Le 20 février 2025, la France a officiellement annoncé le retrait de sa base militaire de Port-Bouët, située en Côte d’Ivoire. Toutefois, cet acte de rétrocession est loin d’être perçu comme une réelle rupture avec le passé colonial, selon l’écrivain et analyste ivoirien Sylvain Takoué. Pour lui, cette décision n’est qu’une façade tant que les accords stratégiques de coopération de 1961, qui régissent les relations militaires entre la France et la Côte d’Ivoire, restent en vigueur. Ces accords, jugés “injustes” par Takoué, sont considérés comme un vestige du colonialisme et continuent de marquer les rapports entre les deux nations.
Sylvain Takoué affirme que tant que ces accords ne sont pas officiellement dénoncés ou abrogés, la Côte d’Ivoire restera, selon lui, un simple “bien” appartenant à la France. Il souligne que ce traité de 1961, signé sous l’égide de la France, confère à l’ex-puissance coloniale un pouvoir d’influence considérable sur les affaires intérieures de la Côte d’Ivoire, notamment dans le domaine militaire et économique. À ses yeux, ce retrait de la base de Port-Bouët ne représente qu’une manœuvre symbolique, qui n’entraîne aucune véritable remise en question du contrôle de la France sur le pays.

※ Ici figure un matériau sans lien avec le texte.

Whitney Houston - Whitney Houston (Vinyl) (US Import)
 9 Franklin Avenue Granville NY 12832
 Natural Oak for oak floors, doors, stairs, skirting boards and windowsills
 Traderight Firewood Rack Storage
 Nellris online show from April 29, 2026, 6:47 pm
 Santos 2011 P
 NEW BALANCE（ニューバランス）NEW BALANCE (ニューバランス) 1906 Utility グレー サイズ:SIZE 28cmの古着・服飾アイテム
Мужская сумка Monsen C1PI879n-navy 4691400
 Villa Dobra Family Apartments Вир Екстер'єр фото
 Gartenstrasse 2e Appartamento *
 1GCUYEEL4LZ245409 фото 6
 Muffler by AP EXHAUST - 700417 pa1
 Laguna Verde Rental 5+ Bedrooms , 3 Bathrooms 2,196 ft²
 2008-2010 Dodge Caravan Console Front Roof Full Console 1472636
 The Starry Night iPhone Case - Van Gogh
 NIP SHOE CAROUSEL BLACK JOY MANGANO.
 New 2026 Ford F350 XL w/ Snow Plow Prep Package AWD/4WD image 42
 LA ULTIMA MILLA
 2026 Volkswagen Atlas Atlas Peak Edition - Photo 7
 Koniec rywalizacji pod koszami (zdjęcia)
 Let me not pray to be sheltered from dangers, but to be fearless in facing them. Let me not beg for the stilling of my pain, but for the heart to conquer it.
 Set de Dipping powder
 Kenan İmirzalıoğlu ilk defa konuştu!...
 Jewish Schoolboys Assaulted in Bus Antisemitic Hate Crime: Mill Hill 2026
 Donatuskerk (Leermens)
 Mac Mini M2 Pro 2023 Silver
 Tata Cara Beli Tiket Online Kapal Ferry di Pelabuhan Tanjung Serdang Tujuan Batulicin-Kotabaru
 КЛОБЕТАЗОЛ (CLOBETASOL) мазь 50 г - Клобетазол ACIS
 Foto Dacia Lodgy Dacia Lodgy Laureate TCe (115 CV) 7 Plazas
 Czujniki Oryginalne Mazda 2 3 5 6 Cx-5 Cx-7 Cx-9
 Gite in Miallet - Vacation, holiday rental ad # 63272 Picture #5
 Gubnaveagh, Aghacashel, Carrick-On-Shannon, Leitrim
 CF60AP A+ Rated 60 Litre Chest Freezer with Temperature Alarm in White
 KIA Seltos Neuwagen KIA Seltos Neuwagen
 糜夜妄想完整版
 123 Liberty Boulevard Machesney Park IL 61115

Les relations entre la France et ses anciennes colonies africaines, notamment la Côte d’Ivoire, ont toujours été marquées par des accords bilatéraux inégaux, héritages du colonialisme. Les accords de 1961, signés après l’indépendance de la Côte d’Ivoire, ont permis à la France de maintenir une présence militaire et d’influencer les décisions politiques du pays. Bien que la Côte d’Ivoire ait accédé à l’indépendance, la continuité de cette relation asymétrique a laissé des traces profondes dans la perception de la souveraineté du pays. L’annonce de la rétrocession de Port-Bouët intervient dans un contexte de redéfinition des relations franco-africaines, marqué par une montée de la contestation sur l’influence de l’ancienne puissance coloniale.
L’avenir des relations entre la France et la Côte d’Ivoire semble dépendre de la volonté des autorités ivoiriennes de réévaluer les accords de 1961. Sylvain Takoué et d’autres observateurs estiment qu’une véritable indépendance de la Côte d’Ivoire passe par la fin de ce cadre juridique et militaire, qui, selon eux, continue de priver le pays d’une pleine souveraineté. Si ces accords sont abrogés, cela pourrait marquer un tournant dans les relations bilatérales et permettre à la Côte d’Ivoire de renforcer ses liens avec d’autres puissances mondiales sur un pied d’égalité.
Certains experts estiment que la décision de la France de quitter Port-Bouët pourrait symboliser un changement de paradigme dans la coopération militaire en Afrique. Cependant, pour d’autres, comme Sylvain Takoué, ce geste ne constitue pas un véritable renversement du rapport de forces. En effet, bien que la base soit retirée, la France pourrait conserver une influence stratégique dans la région à travers d’autres accords militaires ou économiques. Il est également important de noter que d’autres pays africains, comme le Mali ou le Burkina Faso, ont récemment remis en question la présence militaire française sur leur sol, ce qui pourrait accélérer la révision des relations entre l’Afrique et ses anciennes puissances coloniales.
Des leaders africains, notamment des mouvements pan-africanistes, voient dans ce retrait une victoire symbolique mais rappellent que de véritables changements doivent passer par une refonte des accords économiques et militaires hérités du colonialisme. Selon ces acteurs, l’Afrique d’aujourd’hui ne peut plus être traitée sur un pied d’infériorité. Des experts en géopolitique ajoutent que les tensions entre la France et certains États africains pourraient ouvrir la voie à une coopération plus équilibrée, où l’Afrique pourrait jouer un rôle plus influent dans les décisions politiques et stratégiques internationales.